Um convite para desaprender tempo

Desaprender é como andar de bicicleta.

(Bruno Olivieiri) 

 

Um calendário representa para o Ocidente um sistema de medidas que divide o tempo em meses e anos. Quanto mais percebo a perspectiva ancestral sobre a experiência do que chamamos tempo, mais compreendo que talvez se trate menos de contar dias ou meses, mas de viver ciclos. 

Explico: em muitas línguas indígenas essa noção abstrata de tempo não existe. Em algumas delas, sequer encontramos uma palavra que se assemelhe a essa ideia. Na minha língua ancestral, por exemplo, os verbos não apontam nenhuma noção de tempo. As palavras rama e puêra, tem sido em minha compreensão as mais próximas de uma ideia de tempo. Elas significam, em tradução livre algo como, “que foi’ ou “que será”. No encontro com o significado dessas palavras que acompanham nomes, sou imediatamente conduzida a imagem dos ciclos. 

Na tradição Guarani a natureza repete uma dança de criação cósmica para que vivamos em seu ritmo. Na tradição Xavante, segundo o escritor indígena Kaká Werá, o tempo é um espírito chamado Wahutedew’á, que tem seu ritmo coordenado pelo coração. Ele nos conta que quando os karaíba (brancos) trouxeram a “grande noite”, repartiram nossos ciclos e jogaram Wahutedew’á no esquecimento. 

Repartiram nossos ciclos. 

Desde que me entendi exposta a narrativa linear de tempo, sinto-me repartida dos meus ciclos. 

Um ciclo é conjunto de ações que acontecem dentro e fora de nós e que se relacionam infinitamente. Diversos ciclos compõem nossa existência: nossos próprios ciclos, que são inscritos no ciclo da terra e dos universos, e inseridos num ciclo social e coletivo de determinada época. Tudo que é vivo é cíclico.
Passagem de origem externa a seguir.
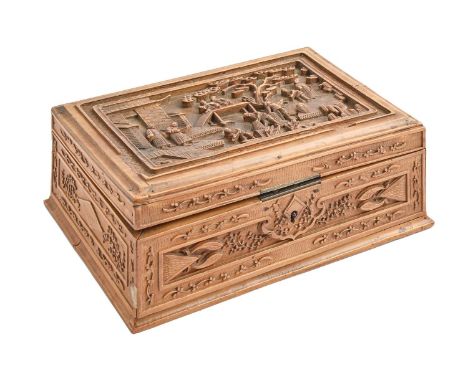 A Chinese carved wood box, 19th c, of light wood, the lid with artisans and other figures in a landscape, the sides with geom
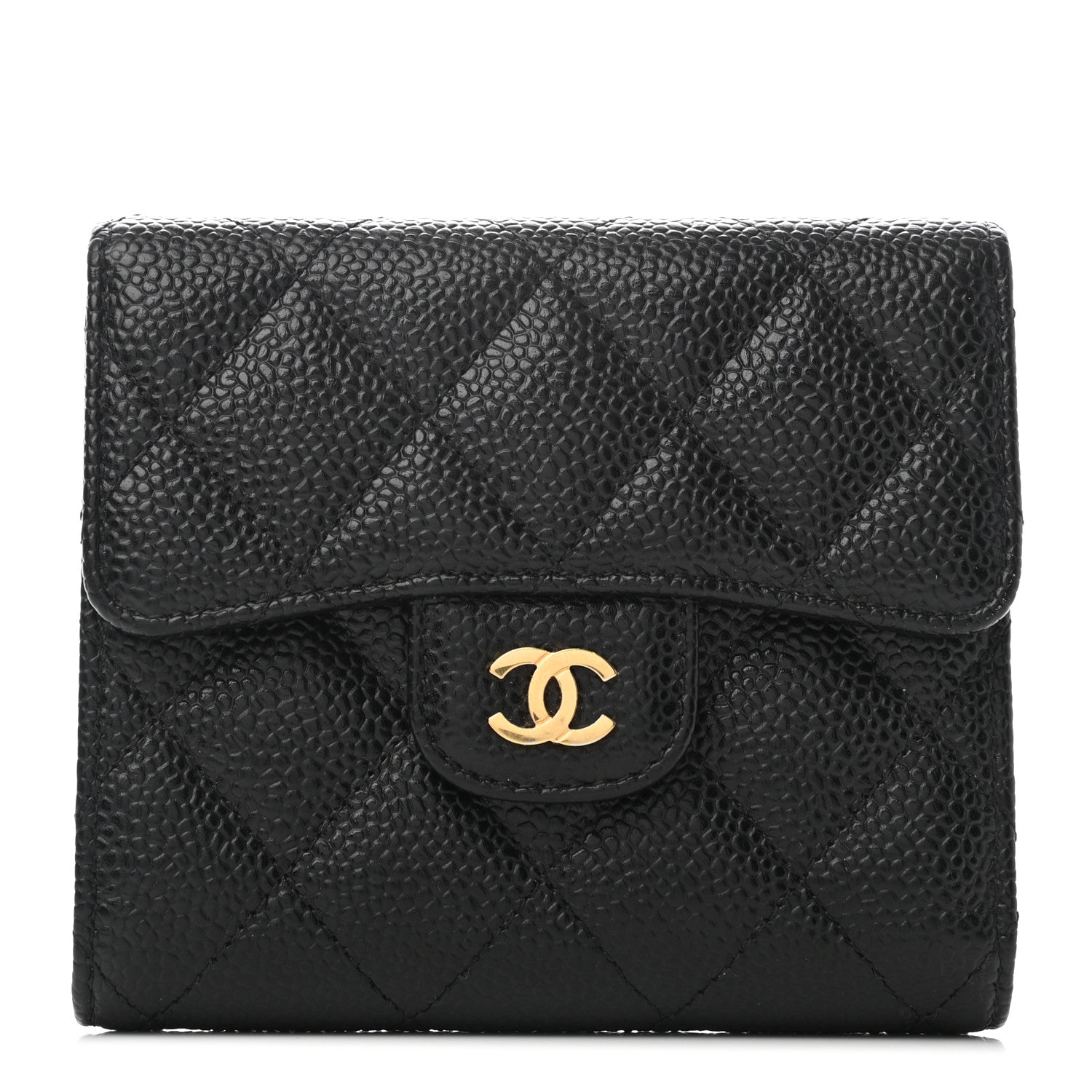 Chanel Caviar Quilted Compact Flap Wallet Black 1 of 8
Portanto, começo e meio, morte e nascimento são irmãs gêmeas, partes essenciais da mesma matéria, do mesmo ciclo. 

Entretanto, a experiência do tempo linear que nos foi imposta é uma devoradora de ciclos. Somos privados por um sistema econômico conivente com uma lógica de tempo que nos devora todos os dias nosso direito de ser ciclos. E falamos aqui dos direitos de seres humanas e não humanos. Quando um sistema econômico se autoriza a negar o direito de uma floresta a ser uma floresta, estamos todos sendo devorados em nossos direitos de existir em ciclos. Enquanto políticos acreditam que podem instituir normas para amar, enquanto pessoas continuam sendo roubadas de seus direitos básicos de alimentação e moradia ou enquanto os rios secam, estamos sendo impedidos de viver nossas experiências de ciclos.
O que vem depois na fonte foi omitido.